Action item
Within the records that follow, restate exactly the lines from the line with "Luxury Double-Strand Pearl" down to the line with "En Aluminium Bachelorette", including both. Omit the pictures.

Data records
== Segment start ==
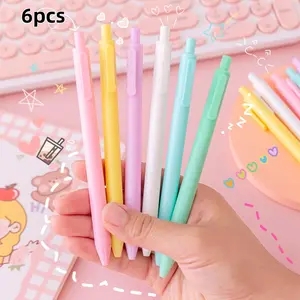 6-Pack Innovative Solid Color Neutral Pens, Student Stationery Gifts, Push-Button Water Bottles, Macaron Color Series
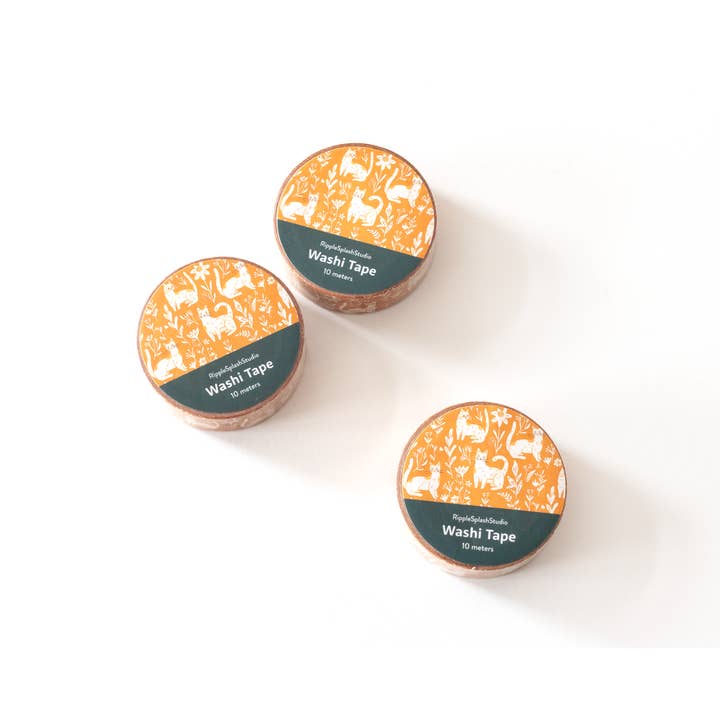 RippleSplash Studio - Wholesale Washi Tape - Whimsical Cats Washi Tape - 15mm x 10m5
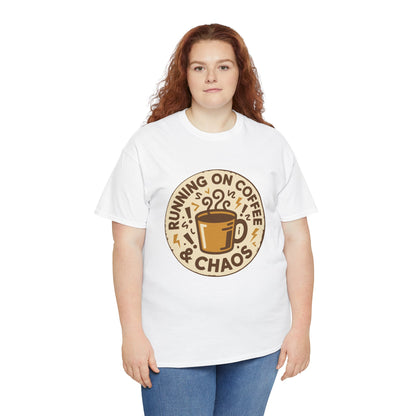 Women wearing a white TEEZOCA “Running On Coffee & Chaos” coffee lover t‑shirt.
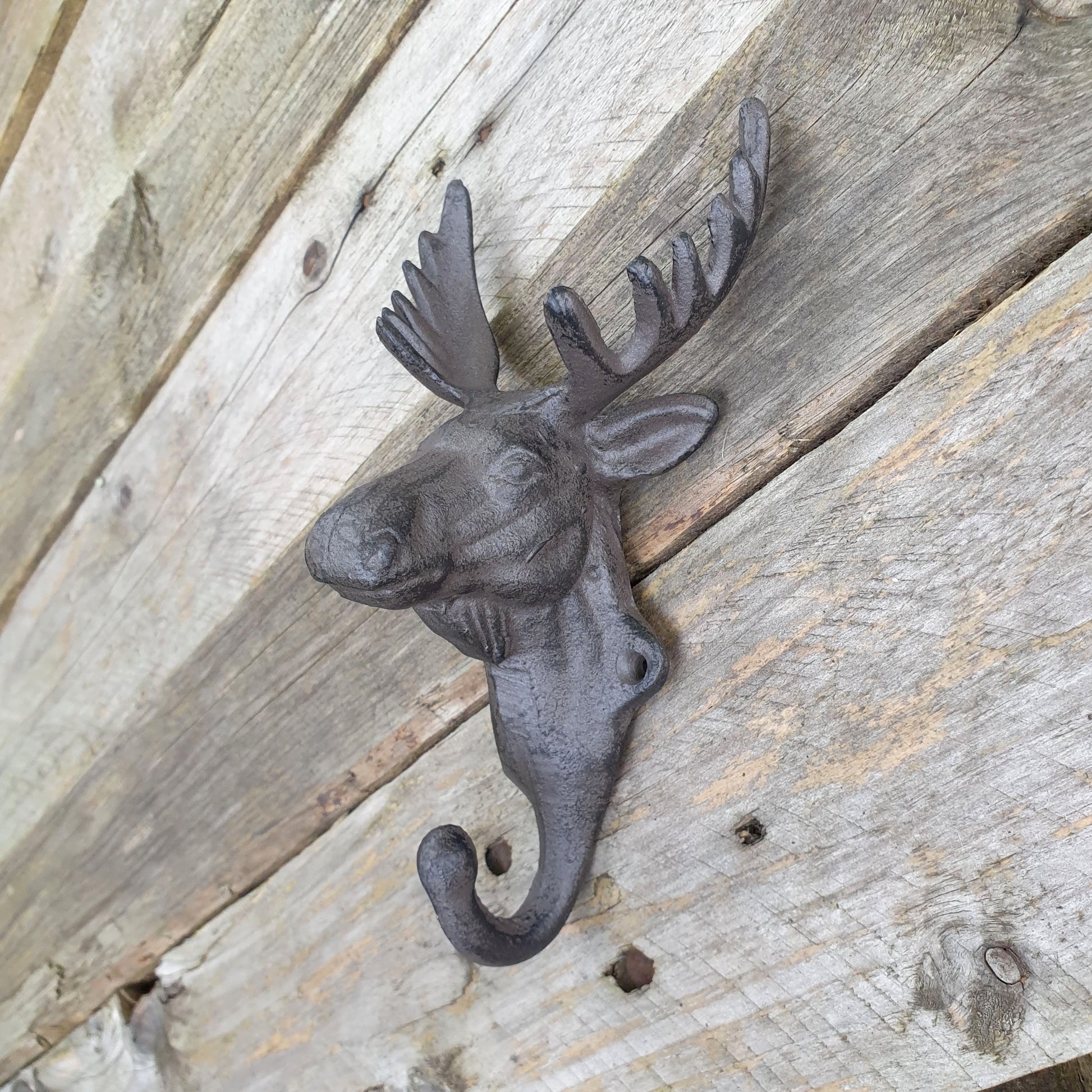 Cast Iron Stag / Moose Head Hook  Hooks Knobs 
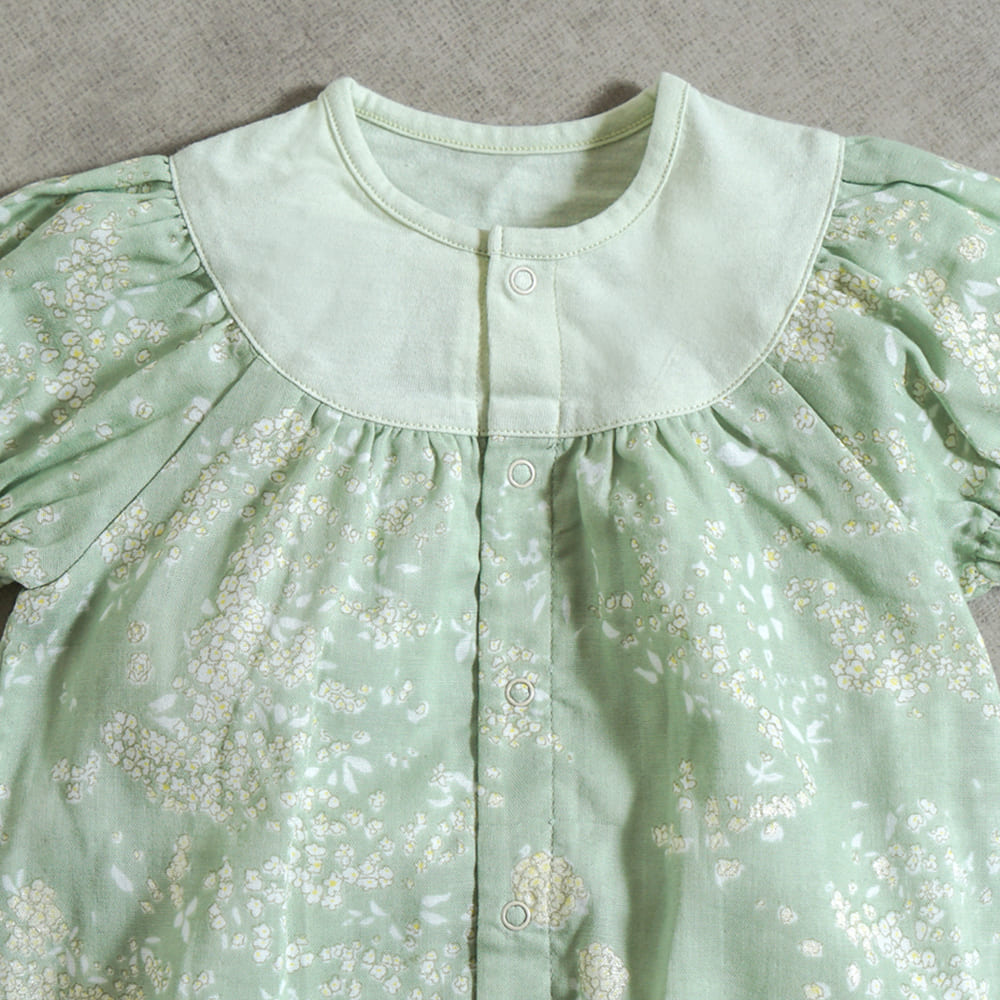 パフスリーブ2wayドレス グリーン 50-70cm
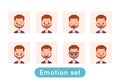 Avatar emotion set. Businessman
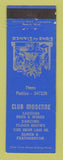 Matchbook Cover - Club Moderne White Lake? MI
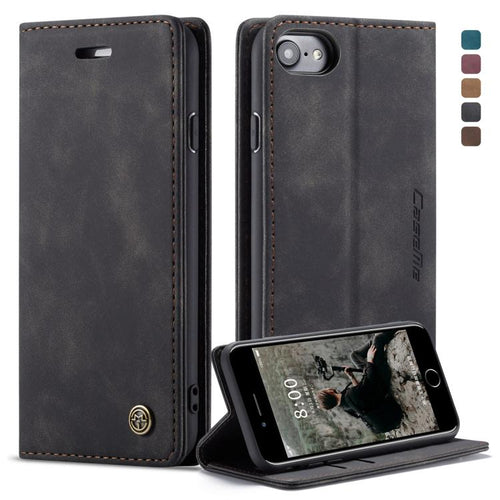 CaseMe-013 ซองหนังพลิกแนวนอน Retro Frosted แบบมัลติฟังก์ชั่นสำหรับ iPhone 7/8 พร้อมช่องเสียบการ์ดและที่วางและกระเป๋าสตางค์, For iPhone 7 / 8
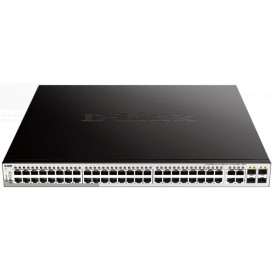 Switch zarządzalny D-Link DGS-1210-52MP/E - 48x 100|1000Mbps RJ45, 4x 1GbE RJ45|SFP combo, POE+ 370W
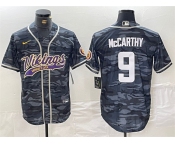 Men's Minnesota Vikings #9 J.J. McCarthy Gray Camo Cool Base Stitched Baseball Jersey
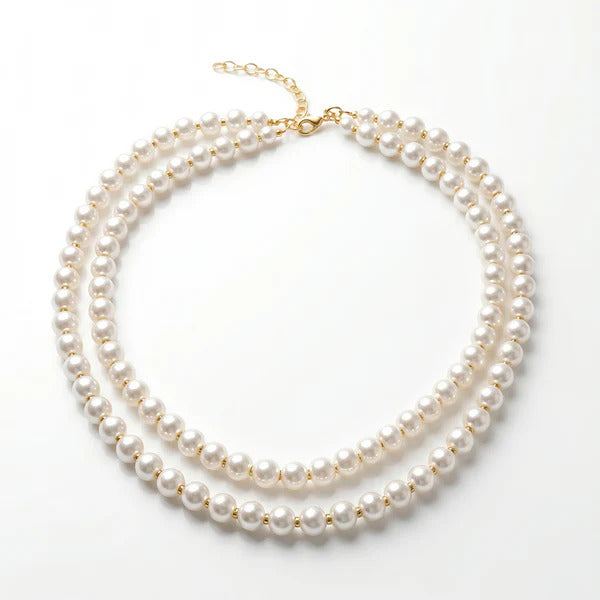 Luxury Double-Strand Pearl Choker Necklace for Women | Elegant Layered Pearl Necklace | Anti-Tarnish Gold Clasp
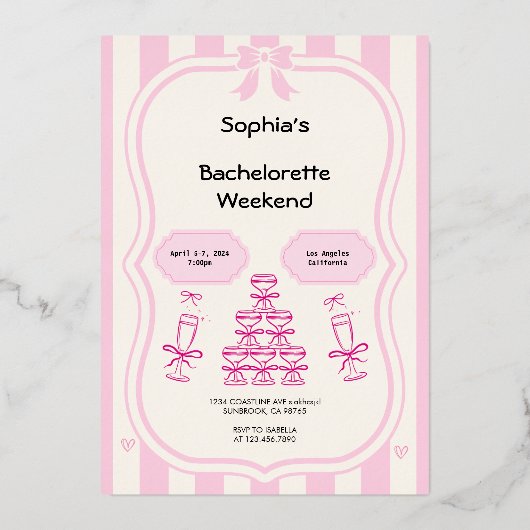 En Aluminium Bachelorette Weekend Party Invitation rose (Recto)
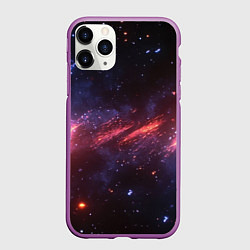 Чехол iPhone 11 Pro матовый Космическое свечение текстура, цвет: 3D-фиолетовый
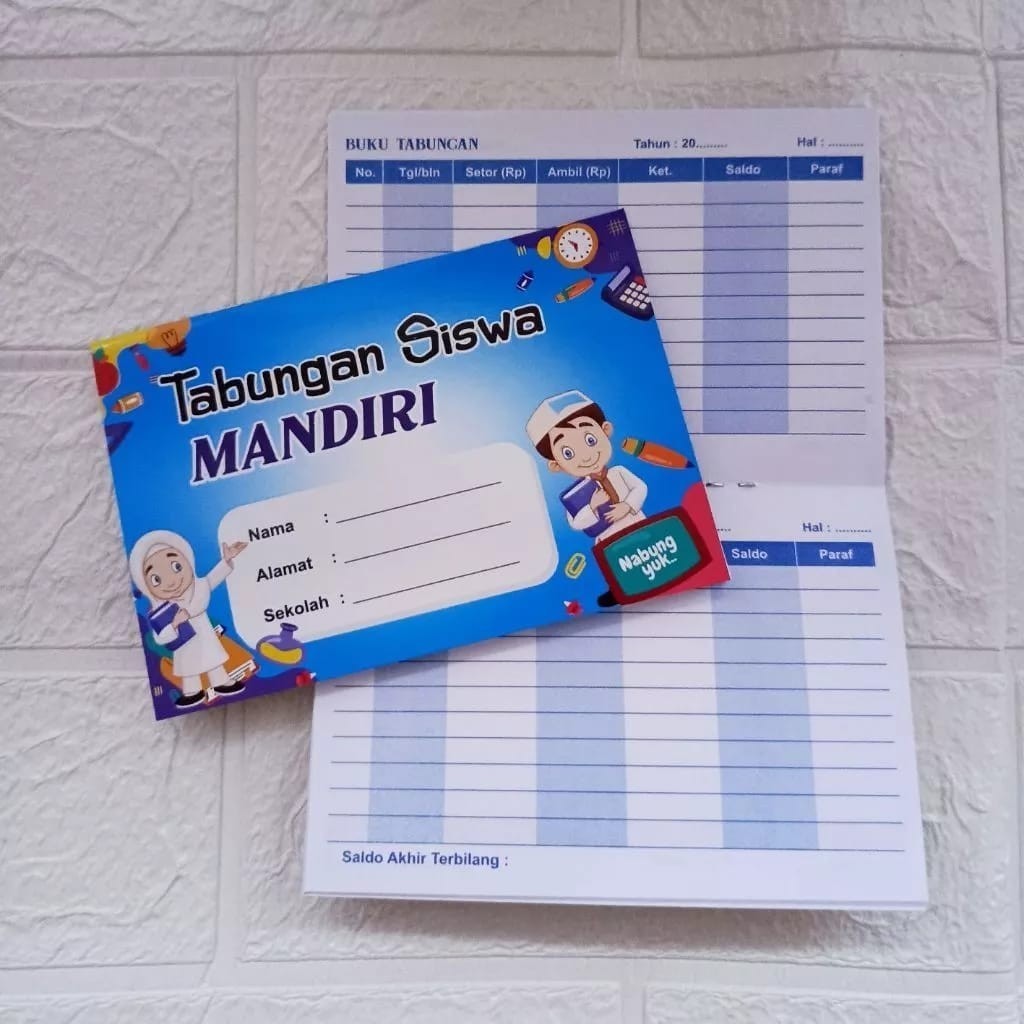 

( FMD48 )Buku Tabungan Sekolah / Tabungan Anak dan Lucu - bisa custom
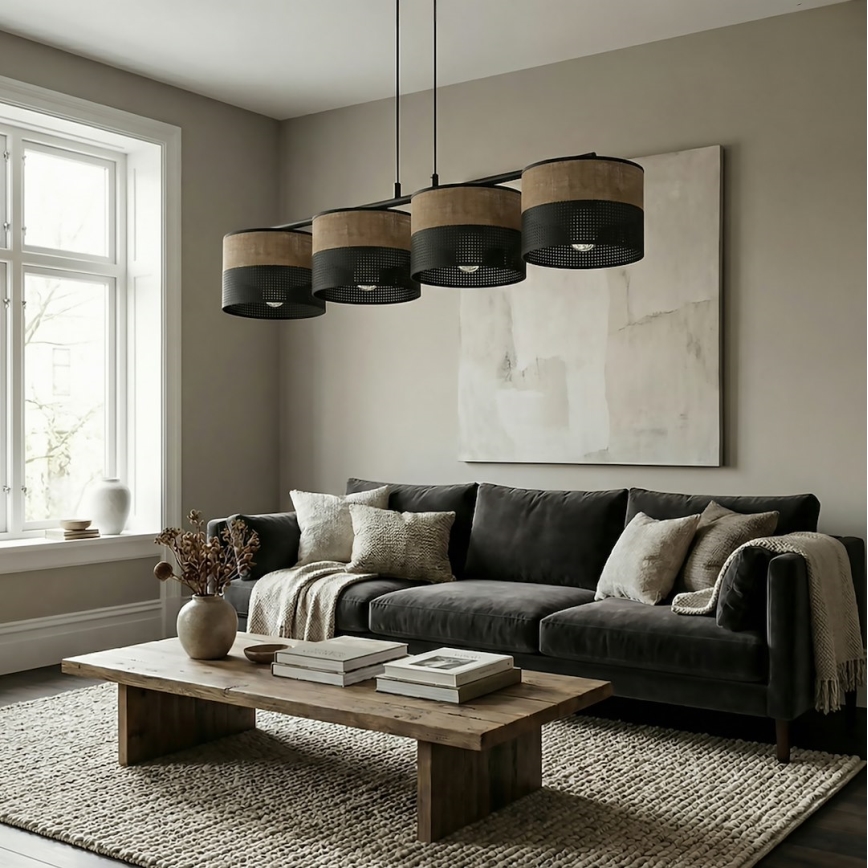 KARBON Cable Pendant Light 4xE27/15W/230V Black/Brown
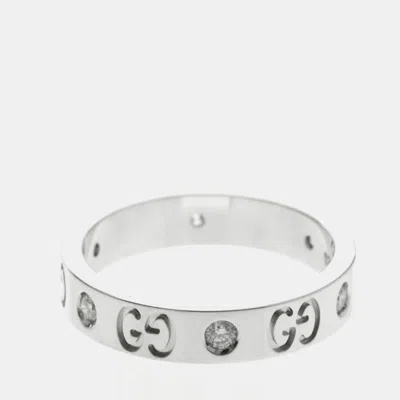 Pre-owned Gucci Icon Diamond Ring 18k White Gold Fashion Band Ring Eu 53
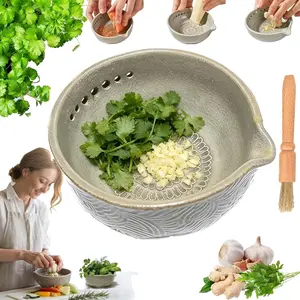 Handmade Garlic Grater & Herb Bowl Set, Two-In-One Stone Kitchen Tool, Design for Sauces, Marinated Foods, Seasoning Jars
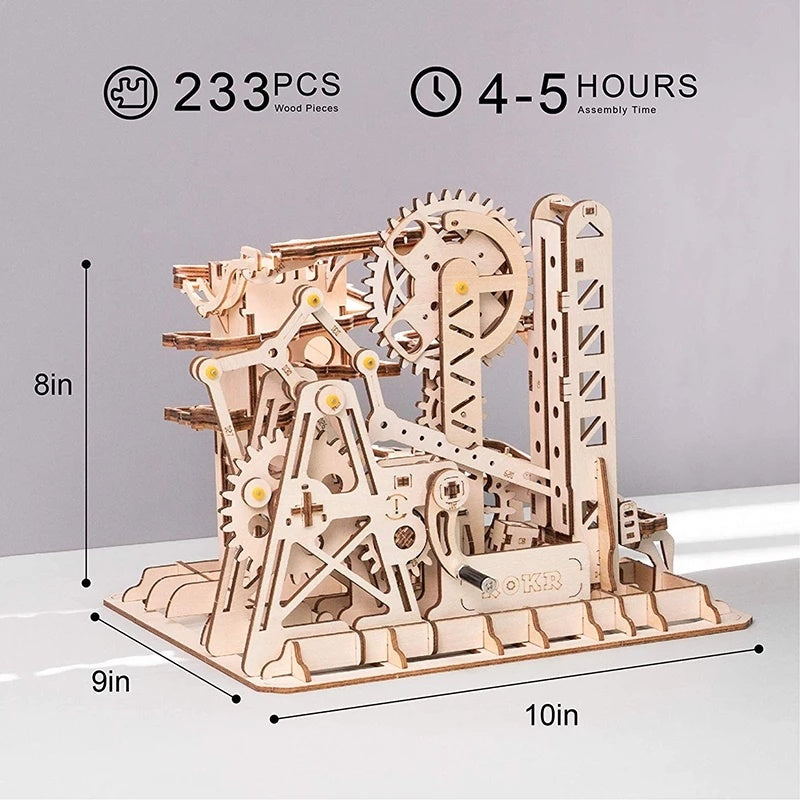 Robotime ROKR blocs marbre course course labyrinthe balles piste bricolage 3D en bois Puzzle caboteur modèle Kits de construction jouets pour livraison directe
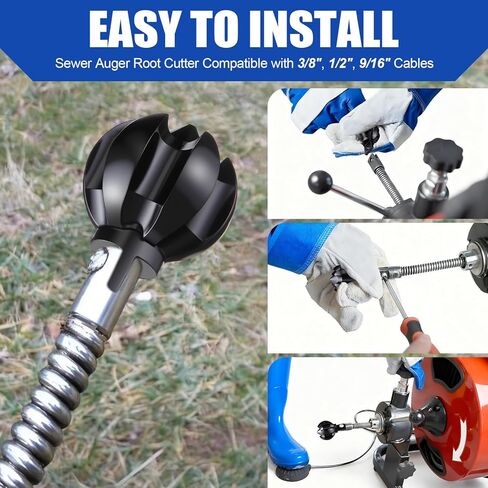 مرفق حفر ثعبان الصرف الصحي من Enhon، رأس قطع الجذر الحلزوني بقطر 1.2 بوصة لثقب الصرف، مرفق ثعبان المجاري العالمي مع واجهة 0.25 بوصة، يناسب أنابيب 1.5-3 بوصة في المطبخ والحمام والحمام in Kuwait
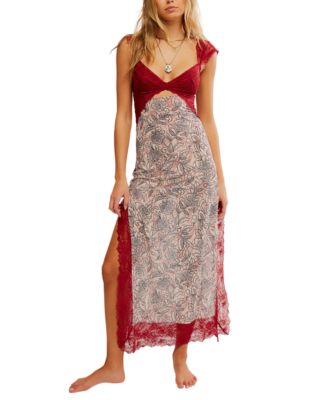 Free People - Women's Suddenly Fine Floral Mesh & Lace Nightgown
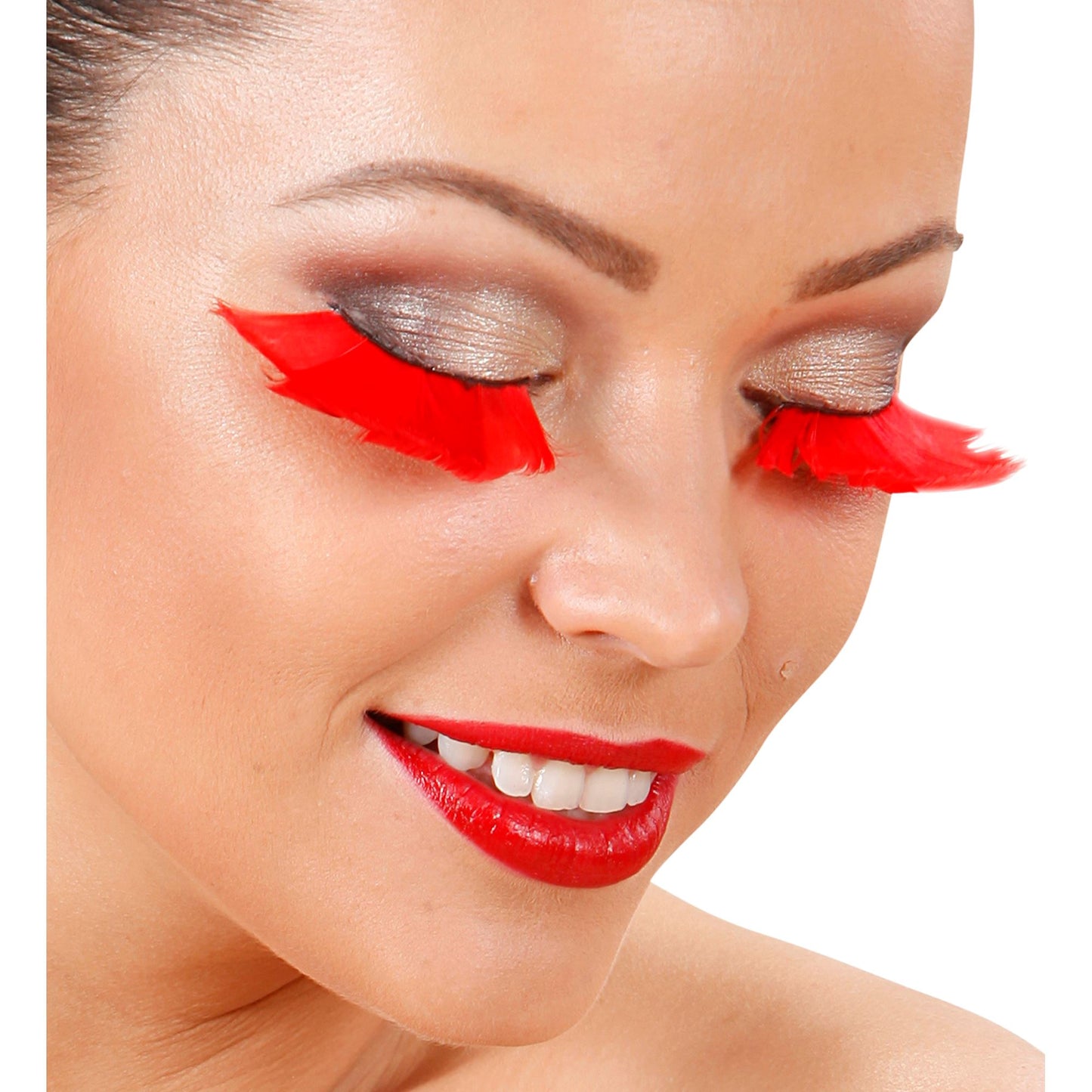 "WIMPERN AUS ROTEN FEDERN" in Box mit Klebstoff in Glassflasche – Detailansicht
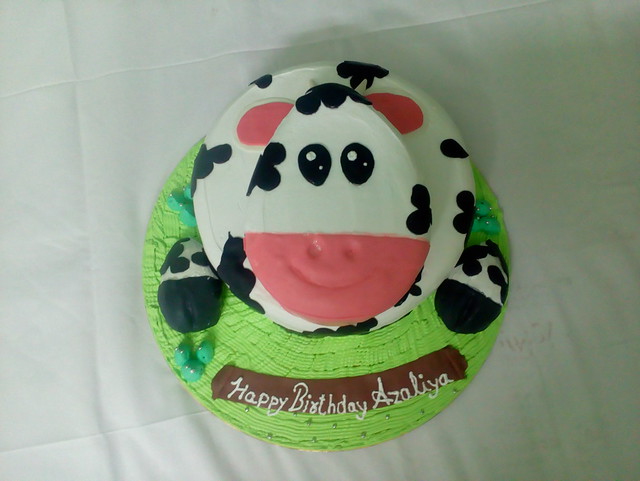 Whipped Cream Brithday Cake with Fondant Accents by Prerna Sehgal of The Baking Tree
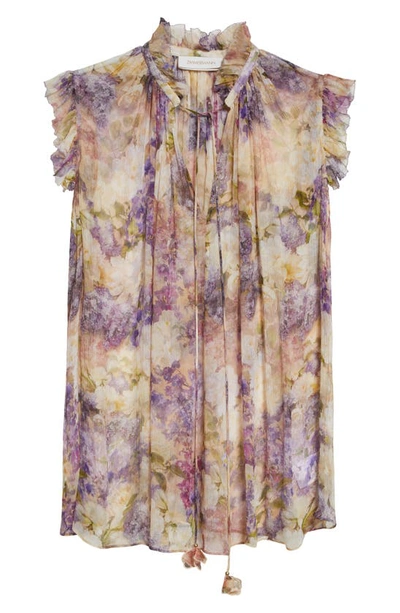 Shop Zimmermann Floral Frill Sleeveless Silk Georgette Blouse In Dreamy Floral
== Segment end ==
Your response
 Luxury Double-Strand Pearl Choker Necklace for Women | Elegant Layered Pearl Necklace | Anti-Tarnish Gold Clasp
 En Aluminium Bachelorette Weekend Party Invitation rose (Recto)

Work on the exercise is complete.